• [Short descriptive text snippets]

____________

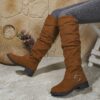 Newness Slouchy Knee High Boots in brown leather showcasing a chic and casual style perfect for winter The boots are slouchy and knee high highlighting their comfortable and fashionable design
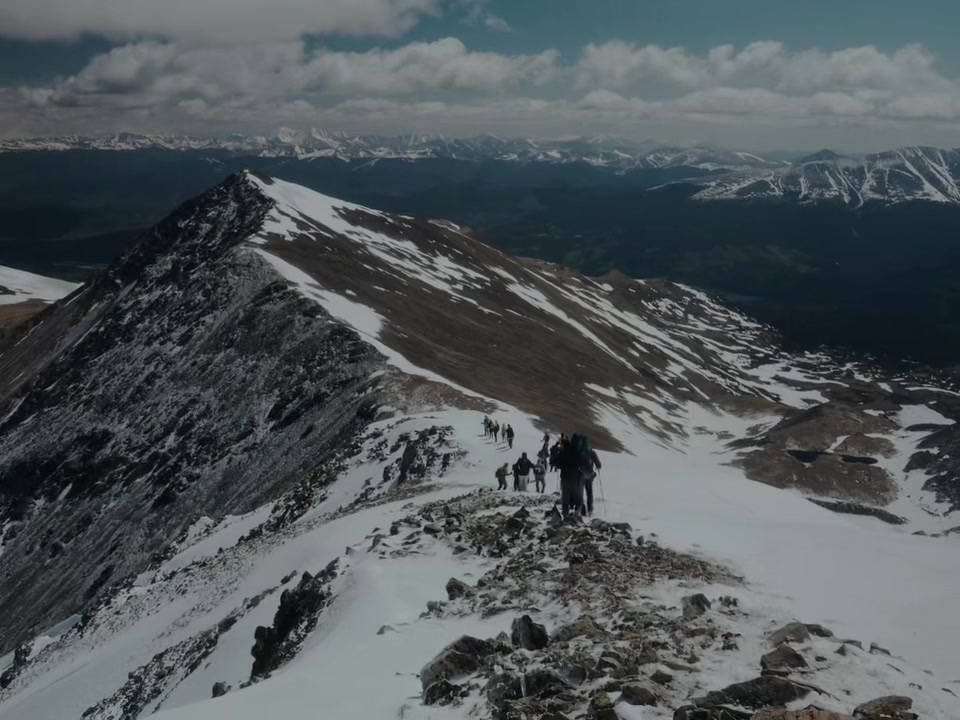 Climbers strung out along a long snowy ridge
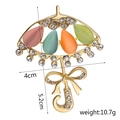 Detail view of a gold umbrella brooch with colorful cat eye stones and dimensions - C1041 Colorful Umbrella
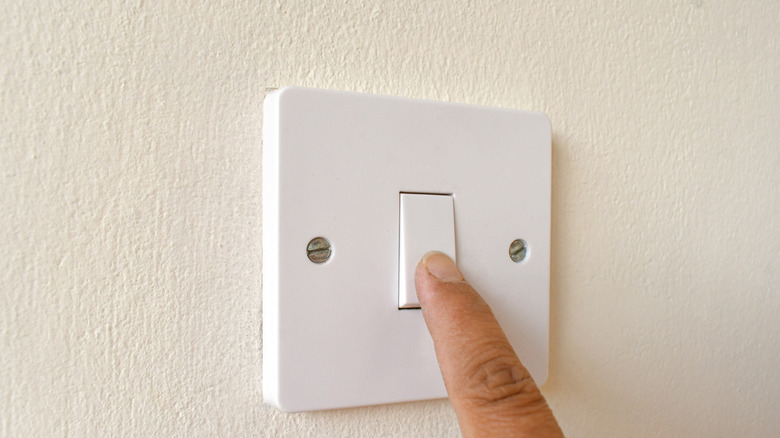 Dedo presionando el interruptor de la luz en la pared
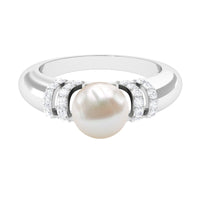 Freshwater pearl solitaire engagement ring with diamond accent by Rosec Jewels, featuring a 7.48-carat pearl and elegant design.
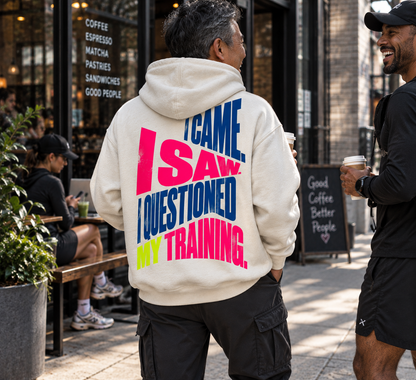 Questioned My Training cream hoodie worn by an athlete outside a coffee shop after training, featuring bold statement back artwork inspired by race day and training humor.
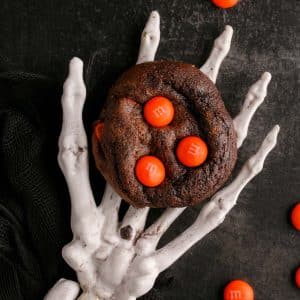 skeleton hand holding Halloween cake mix cookies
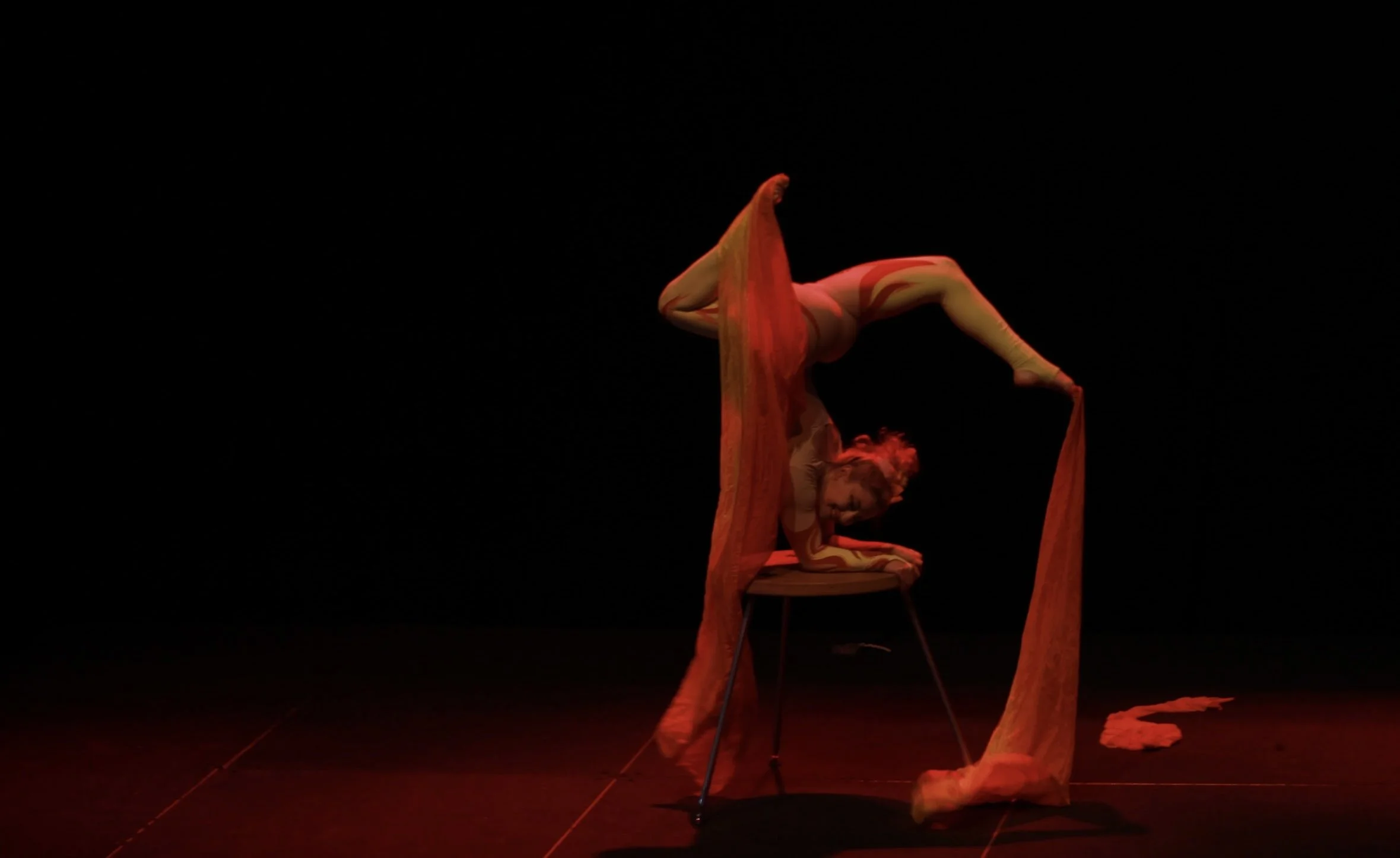 Talia Hazard in a deep inverted backbend on a contortion stand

____________

• [Exercise objective]
Starting with the line that contains "Climbers strung out along a long snowy ridge", repeat each line exactly through the last line of the data above, and nothing more; the pictures stay out.

• [Response to the task]
 Climbers strung out along a long snowy ridge
 Detail view of a gold umbrella brooch with colorful cat eye stones and dimensions - C1041 Colorful Umbrella
 Dedo presionando el interruptor de la luz en la pared
 Freshwater pearl solitaire engagement ring with diamond accent by Rosec Jewels, featuring a 7.48-carat pearl and elegant design.
 Questioned My Training cream hoodie worn by an athlete outside a coffee shop after training, featuring bold statement back artwork inspired by race day and training humor.
 skeleton hand holding Halloween cake mix cookies
 Talia Hazard in a deep inverted backbend on a contortion stand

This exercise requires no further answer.